Ballad of the Thin Man

TommyT stopped by last month to check out his board before it headed up to the Fattyshack.
“Too thick” he said, turning it over on the racks.
I thought for a moment. “I wouldn’t go any thinner,” I said. TommyT’s about one-night-of-drinking shy of 200Lbs.
“Too chunky,” he replied, sighting the board down from the nose. “Chunky monkey.”
“It’s pretty well blended…”
“Chunky funky.”
“The foil’s spot-on—“
“Chunkin’ donuts,” he said, moving toward the tail. “Chunk in the trunk. Reverse slam chunk. You chunk my battleship…” and so on, seemingly oblivious of my presence.
I told TommyT I’d be happy to thin it out a bit.
“Thin it out by half,” he said, sighting a rail.
That would have netted TommyT a ¾ ” thick board, but TommyT’s not a numbers guy, so I said OK and handed over a mask so he could watch.
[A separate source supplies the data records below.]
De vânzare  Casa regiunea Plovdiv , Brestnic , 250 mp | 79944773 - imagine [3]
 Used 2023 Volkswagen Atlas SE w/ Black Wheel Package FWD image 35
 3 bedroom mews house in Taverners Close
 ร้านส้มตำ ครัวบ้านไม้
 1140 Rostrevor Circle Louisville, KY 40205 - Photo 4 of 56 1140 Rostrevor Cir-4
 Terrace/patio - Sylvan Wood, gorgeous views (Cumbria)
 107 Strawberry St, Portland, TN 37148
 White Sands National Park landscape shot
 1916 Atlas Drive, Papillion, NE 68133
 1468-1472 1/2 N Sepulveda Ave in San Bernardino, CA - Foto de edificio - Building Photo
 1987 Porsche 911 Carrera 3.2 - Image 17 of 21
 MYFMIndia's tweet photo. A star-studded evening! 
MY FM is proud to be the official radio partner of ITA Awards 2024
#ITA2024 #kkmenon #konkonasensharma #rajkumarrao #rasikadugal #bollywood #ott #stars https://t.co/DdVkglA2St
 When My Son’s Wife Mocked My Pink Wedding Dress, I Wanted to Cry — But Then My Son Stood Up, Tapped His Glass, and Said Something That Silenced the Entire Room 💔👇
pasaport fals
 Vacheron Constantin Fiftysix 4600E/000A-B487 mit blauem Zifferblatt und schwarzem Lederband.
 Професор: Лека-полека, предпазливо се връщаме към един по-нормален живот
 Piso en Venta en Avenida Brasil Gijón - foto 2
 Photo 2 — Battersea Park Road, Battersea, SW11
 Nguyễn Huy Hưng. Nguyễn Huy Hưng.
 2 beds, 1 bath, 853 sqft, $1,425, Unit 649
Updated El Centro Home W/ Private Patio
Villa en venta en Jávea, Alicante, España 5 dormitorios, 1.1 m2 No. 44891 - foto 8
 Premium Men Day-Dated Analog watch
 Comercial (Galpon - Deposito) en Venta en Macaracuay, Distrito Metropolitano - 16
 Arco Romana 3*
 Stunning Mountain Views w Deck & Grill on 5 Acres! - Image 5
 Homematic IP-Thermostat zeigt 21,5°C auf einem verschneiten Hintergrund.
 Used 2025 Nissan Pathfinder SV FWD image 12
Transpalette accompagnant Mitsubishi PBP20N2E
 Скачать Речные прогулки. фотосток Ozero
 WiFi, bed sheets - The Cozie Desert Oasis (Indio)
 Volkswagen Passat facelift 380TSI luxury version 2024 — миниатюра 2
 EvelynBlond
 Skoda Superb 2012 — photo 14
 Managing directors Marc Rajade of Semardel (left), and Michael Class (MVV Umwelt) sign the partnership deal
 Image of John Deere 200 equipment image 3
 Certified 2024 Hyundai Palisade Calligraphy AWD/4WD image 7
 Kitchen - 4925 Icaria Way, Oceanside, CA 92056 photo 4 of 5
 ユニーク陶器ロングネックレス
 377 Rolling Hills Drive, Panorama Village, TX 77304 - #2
“Thinner,” he said occasionally. “Like a coffee table. Like twenty pages stapled together. Maybe fifteen.”
I asked him if he’d ever surfed a board like this in the adult stages of his life.
“Nope.”
“It’s going to be under water when you paddle.”
“So?”
This was a good point. TommyT’s 6’4” with arms like telephone poles. He could probably paddle a car door into overhead beachbreak and never feel a thing.
I got to work, and a half-hour later offered the newly-reduced item for his inspection.
“Tail’s too thick,” he said. “Thick as a brick.”
I paused.
“Thick Cheney. Thick Van Dyke.”
I took a deep breath.
“Thickie Don’t Lose That Number.”
“Any thinner and you’re going to have problems getting into waves,” I said.
“So?”
Another good point—his board, not mine.

Twenty minutes later and it was done. The tail was thinner than a CD and the rails sported a dime-size radius, but TommyT was stoked. He pulled a beer out of his back pocket and cracked it, grinning.
“Think I’ll be able to get up on it?”
“No.”
“Imagine what it would be like if I could!” He said. “I’d friggin rip!”

TommyT’s 6’1” hi-pro quad fish, fresh resinwork from the Fattyshack, ready for ripping.

Feels good to be back on the West Coast!